Kasus tabrak lari yang melibatkan anak dari Plt Kasi Propam Polres Tapanuli Selatan (Tapsel), Iptu A, kini menjadi sorotan publik. Anak Iptu A, berinisial AP (16), mengemudikan mobil dinas kepolisian hingga menabrak mobil lain di Jalan Pandu, Medan, Sumatera Utara.
Kejadian tersebut terjadi pada Minggu, 6 Juli 2025 malam. Mobil patroli Propam yang dikendarai AP menabrak mobil yang dikemudikan Fifie Wijaya. Setelah kejadian, AP justru tidak berhenti dan berupaya kabur, sehingga Fifie mengejar mobil tersebut hingga akhirnya berhenti di Jalan Cut Mutia.
Fifie Wijaya, korban tabrak lari, mengunggah video kejadian tersebut di media sosial yang dengan cepat menjadi viral. Dalam video terlihat jelas bagaimana mobil patroli tersebut melaju kencang di tengah hujan tanpa menghiraukan insiden yang baru saja terjadi. “Wah gila sudah menabrak lari, sial. Gila ya, aduh,” ucap Fifie dalam videonya yang menunjukkan kekesalannya.
Kejadian ini semakin memancing kemarahan publik ketika diketahui bahwa pengemudi mobil dinas tersebut adalah seorang remaja, bukan anggota kepolisian. Fifie dalam video tersebut juga mengungkapkan, “Ini sepertinya yang bawa anak-anak. Ini mobilnya sudah tabrak lari. Mobil Propam tabrak orang habis itu lari,”
Kasat Lantas Polrestabes Medan, AKBP I Made Parwita, menyatakan bahwa Iptu A dan Fifie Wijaya telah bertemu di Satlantas Polrestabes Medan pada Senin, 7 Juli 2025. Kedua belah pihak memutuskan untuk menyelesaikan masalah ini secara kekeluargaan.
“Kedua belah pihak telah bertemu pada Senin (7/7). Jadi kedua belah pihak memilih untuk berdamai. Artinya masalah itu diselesaikan dengan jalan kekeluargaan,” jelas AKBP I Made Parwita pada Selasa, 8 Juli 2025.

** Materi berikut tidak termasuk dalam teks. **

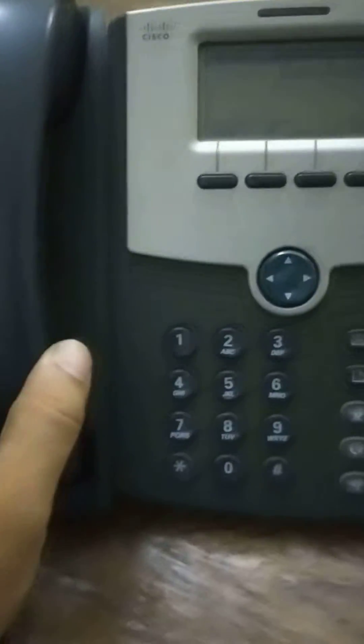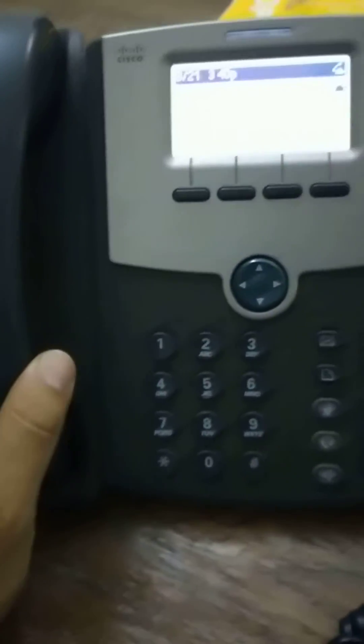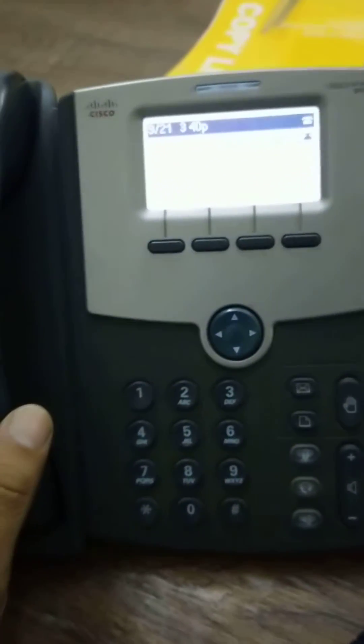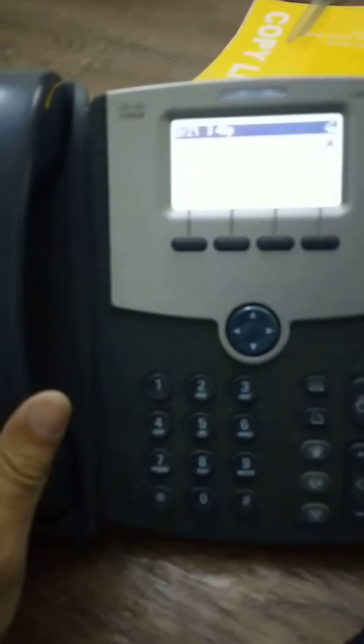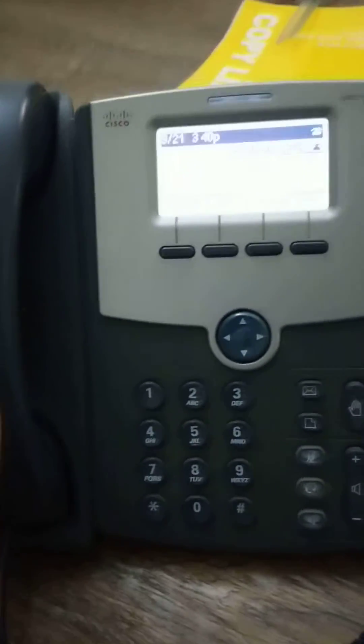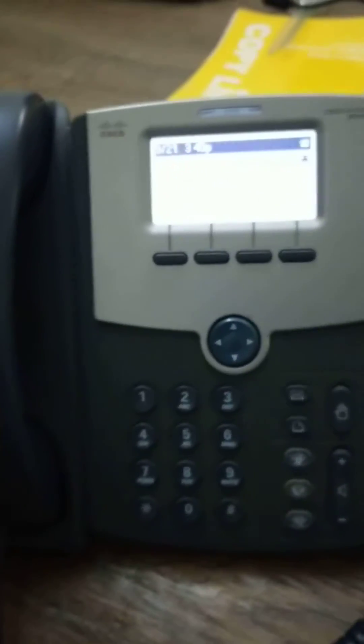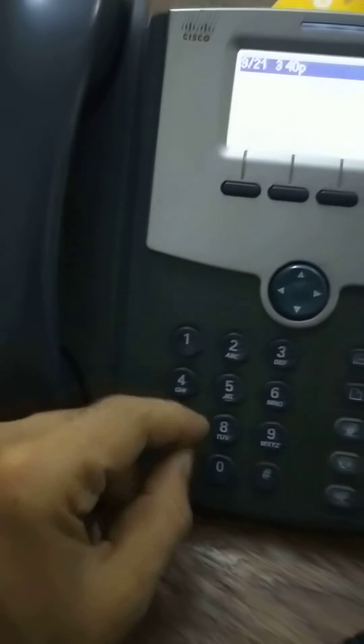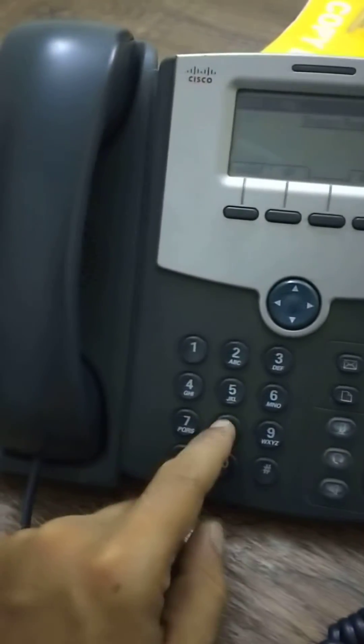Hello guys, in this video I will show you how to dial up a number on a Cisco IP phone, which is the SPA 502G. It is a two-line phone, and we will dial a number from the start.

AKBP I Made Parwita menambahkan bahwa Fifie Wijaya tidak menuntut ganti rugi. Kedua pihak telah membuat surat perdamaian di Satlantas Polrestabes Medan. “Korban tidak menuntut ganti rugi. Jadi dalam pertemuan itu dibuat surat perdamaian di Satlantas Polrestabes Medan,” tambahnya.

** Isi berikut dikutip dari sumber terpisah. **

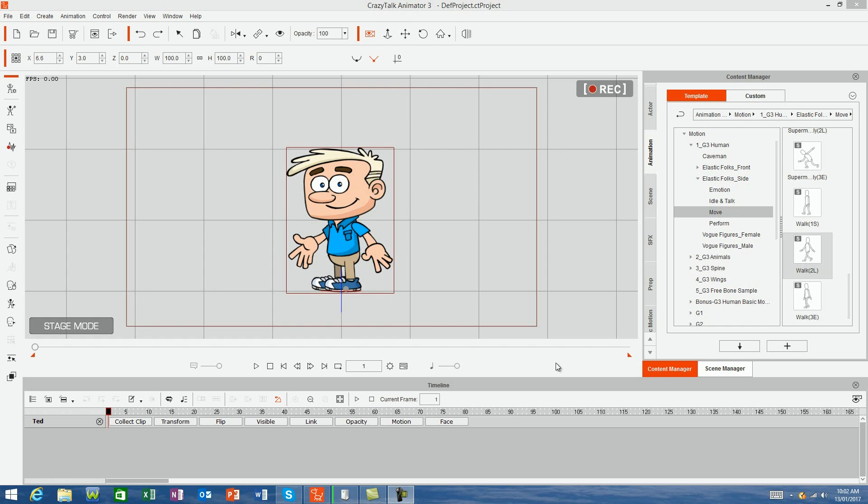In this video, I'll show you how to apply the G3 Elastic Folks motions to your little mates. So first of all, load up your little mate into stage mode.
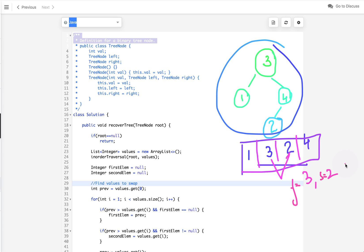After finding the two values not in sorted order, the next step is to traverse the tree again. When we find the value 3, we replace it with 2, and when we find the value 2, we replace it with 3. After swapping these two values we get the correct binary search tree. That's the first approach — let's look at its Java code and then optimize it.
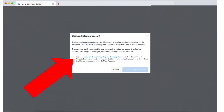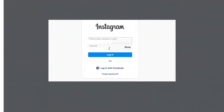Here you can add your Instagram account. Click Instagram Account, read the policies, and if you're okay with that, click I Agree, then Claim Instagram Account. We will sign in to our Instagram.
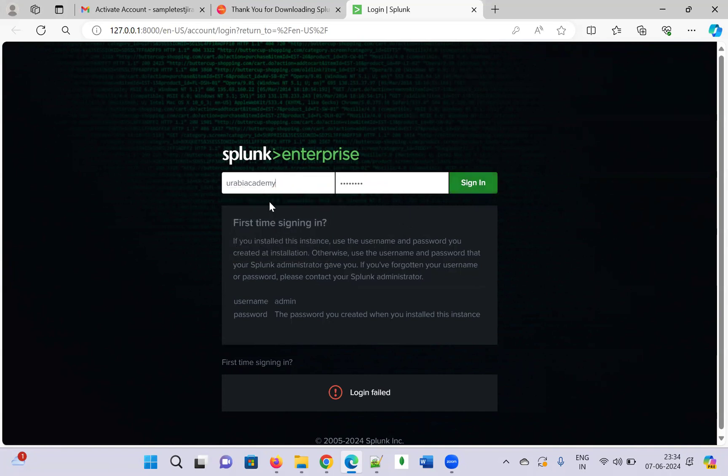You have to give the username and password like this and you need to log in. This is the complete process.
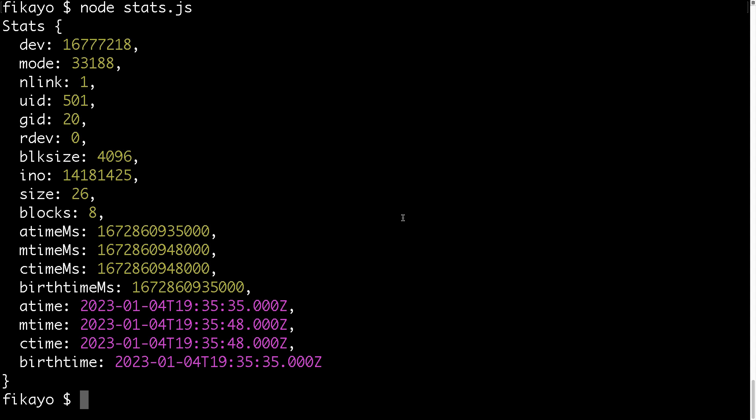Yeah, that's pretty much it, that's how to view a file's metadata in Node.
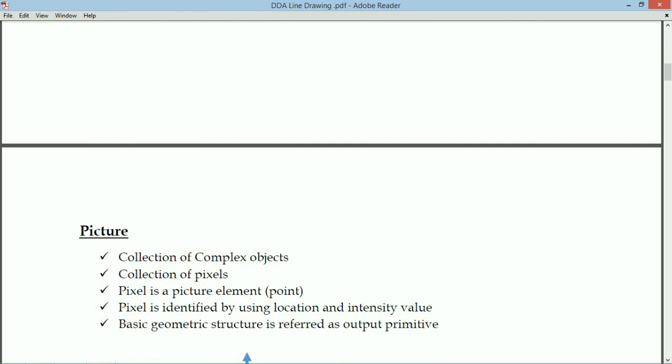Technically, how we define a picture: a picture is a collection of pixels. A pixel is defined as a picture element — a pixel is a point. Each pixel is identified by its location and intensity value, whether it is a 2D or 3D image. Different pixels may contain the same intensity value, but each pixel must contain a different location value.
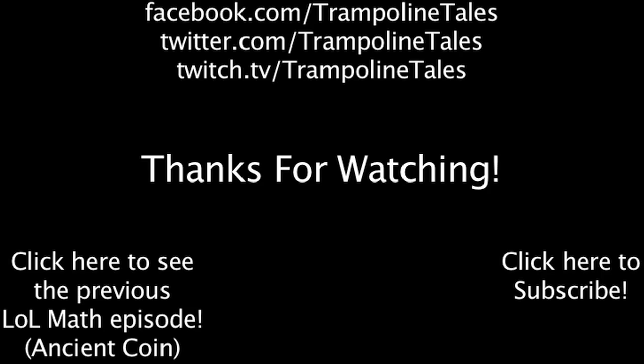Make sure to like this video if you enjoyed it, and subscribe if you'd like to be informed whenever I release new videos. Click the annotation on the screen if you'd like to see the previous LawMath episode. You can also like LawMath on Facebook, follow me on Twitter, and watch me livestream on Twitch. Thanks for watching this episode of LawMath.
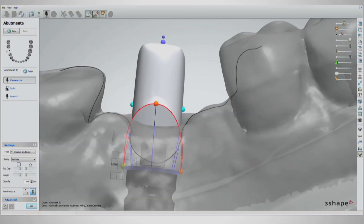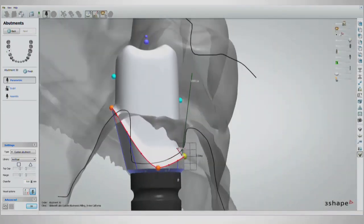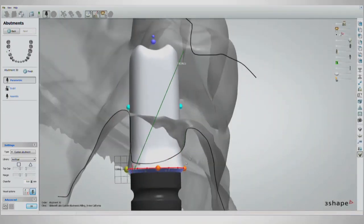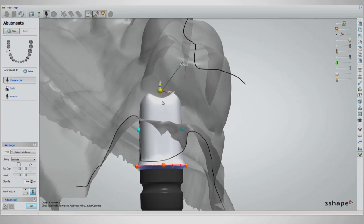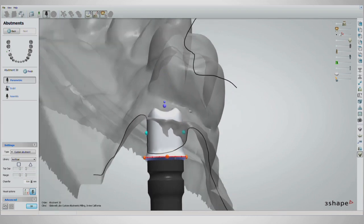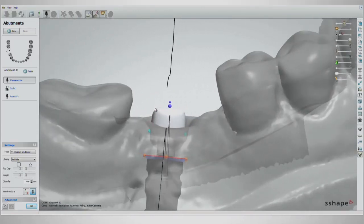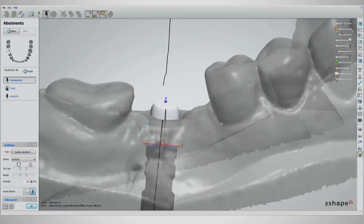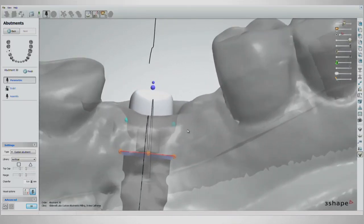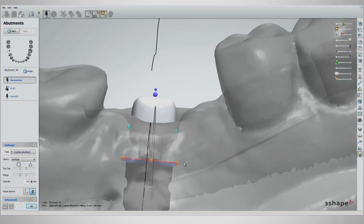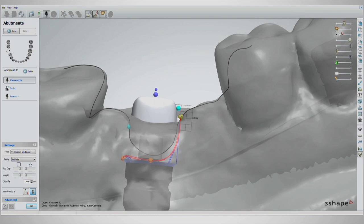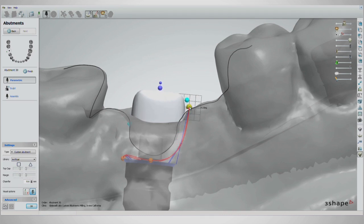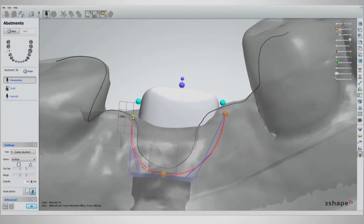Drag all the orange handles down to the implant surface. Once that is done, grab the larger purple handle at the occlusal surface and drag that down as well. This will allow for better viewing of the working area by starting small and building up. Grab the mesial orange handle and drag it up to half a millimeter below the tissue level, indicated by a black line. Do this for the distal orange handle as well.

Analisis Kasus dan Implikasinya
Kasus ini mengungkap beberapa permasalahan serius. Pertama, penggunaan mobil dinas kepolisian oleh anak di bawah umur jelas melanggar aturan dan prosedur. Hal ini menimbulkan pertanyaan tentang pengawasan dan tanggung jawab penggunaan kendaraan dinas di lingkungan kepolisian.
Kedua, tindakan tabrak lari yang dilakukan AP menunjukkan kurangnya kesadaran hukum dan tanggung jawab. Meskipun kedua belah pihak memilih jalur damai, tindakan AP tetaplah sebuah pelanggaran hukum yang seharusnya ditindaklanjuti.
Ketiga, penyelesaian kasus secara kekeluargaan menimbulkan pertanyaan tentang keadilan dan kepastian hukum. Meskipun korban tidak menuntut ganti rugi, kasus ini tetap perlu dikaji lebih lanjut untuk memastikan tidak ada unsur pembiaran atau ketidakadilan.
Pertimbangan Hukum dan Etika
Dari sisi hukum, AP sebagai pengemudi yang menyebabkan kecelakaan seharusnya bertanggung jawab atas tindakannya. Meskipun usianya masih di bawah umur, peraturan perundang-undangan terkait kecelakaan lalu lintas tetap berlaku. Pihak kepolisian perlu menyelidiki lebih lanjut untuk menentukan sanksi yang sesuai.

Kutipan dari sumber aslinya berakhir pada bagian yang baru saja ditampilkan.